Stanhope Locker has new owners with big plans

-Messenger photo by Billie Shelton
Wes Zanker cuts meat at the Stanhope Locker, assisted by employee Austin Vandivier.

STANHOPE — The new owners of the venerable Stanhope Locker have lots of plans for the business that has been a mainstay in the community since 1946. For Wes and Shaunna Zanker, they see it as an opportunity to “bring the reputation of the business back to what it used to be, to put Stanhope back on the map,” as Wes puts it.

And the young couple couldn’t be more excited to take on the challenge since they assumed ownership of the business as managing partners about three weeks ago. There have been many 16-hour days since, tempered by the surge of support from the community. “It’s very encouraging. It’s nice to feel support from everyone around us,” Shaunna Zanker said. “Even owners of other lockers in the area have been very helpful to answer our questions.”

Wes, 35, was employed at the locker for four years when he was younger, when he learned about the business, including butchering animals and cutting meat. For the past eleven years, he has been a supervisor at a grocery warehouse in Des Moines, but he says that working at the locker previously was his favorite job ever. And until last fall he didn’t think he’d ever be back there.

That’s when Shaunna Zanker decided to pursue her husband’s dream for him and contacted the then-owner of the business, although the locker wasn’t for sale at the time. Her persistence won out, though. “And five months later, here we are,” she said with a big smile.
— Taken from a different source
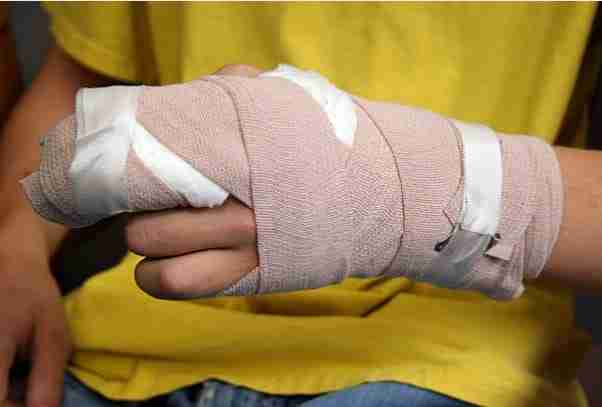 Burn Injuries: Causes, Types, and Prevention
Shaunna Zanker, 30, who grew up in Webster City and graduated from ICCC with an associate degree in human services, handles customer service and other details in the front of the locker, while Wes is busy tending to other aspects of the business.

“I figure I like people enough that this will work,” she commented.

Under new ownership, the locker will once again be processing pork. For now, that service is available only for custom processing, but soon there will be pork available in the retail coolers at the locker. Already Wes is making beef jerky, a standard offering at the locker for years. Along with beef, the locker also processes deer, and can assist owners with injured animals if needed.

The Zankers are joined in the business by partners Andy and Amy Walsh, who have owned and operated a successful restaurant and bar in Waukee for 11 years. Andy Walsh has a degree in culinary arts.

According to Shaunna Zanker, new at the locker will be deli items such as cheese from Lost Lake Farm, sodas, buns, potato salad, condiments, and other items to make a meal or a picnic.

“We’ll have grill packages and tailgate packages for people who want to stop and get something on their way to an ISU game. They can call ahead to order what they want, and then grab and go,” she said. “We’ll be putting together some packages for Memorial Day too.

“We plan to fill these big coolers just as fast as possible,” she said. “We’ll have fresh meat for retail sale every day. And meat and cheese trays will be available to order, too.”

Business hours at the locker are 8 a.m. to 5: p.m. Monday through Friday, and 8 a.m. to noon on Saturdays.

In the midst of all these plans, the Zankers are starting on a facelift for the solid brick building that’s been a kingpin on Stanhope’s main street for more than 125 years.

“It needs to look as good as our product is,” Shaunna Zanker said.

Wes Zanker grew up in and around Stanhope, which could be why he’s so focused on making sure the locker thrives once again. “People want to know where their food comes from now,” he noted. “There’s lots of interest in the food-to-fork movement.”

“In a small town, small businesses are really important,” adds his wife. “We’re passionate about this town, and we want to keep contributing and bringing business to town.” The couple, married four years, lives a few miles outside of Stanhope with sons Lakin, 11, and Baylin, almost 2.

An unusual feature at the locker is the locker boxes that can be rented for customers to store their meat. There are 42 lockers that were used by many families before it was common to have a home freezer.

Shaunna Zanker sums it up from her desk that overlooks the sales floor when she says, “We’re excited to be here and anxious to be a bigger part of the community. It’s really great to have everyone’s support and to hear their memories of this locker.”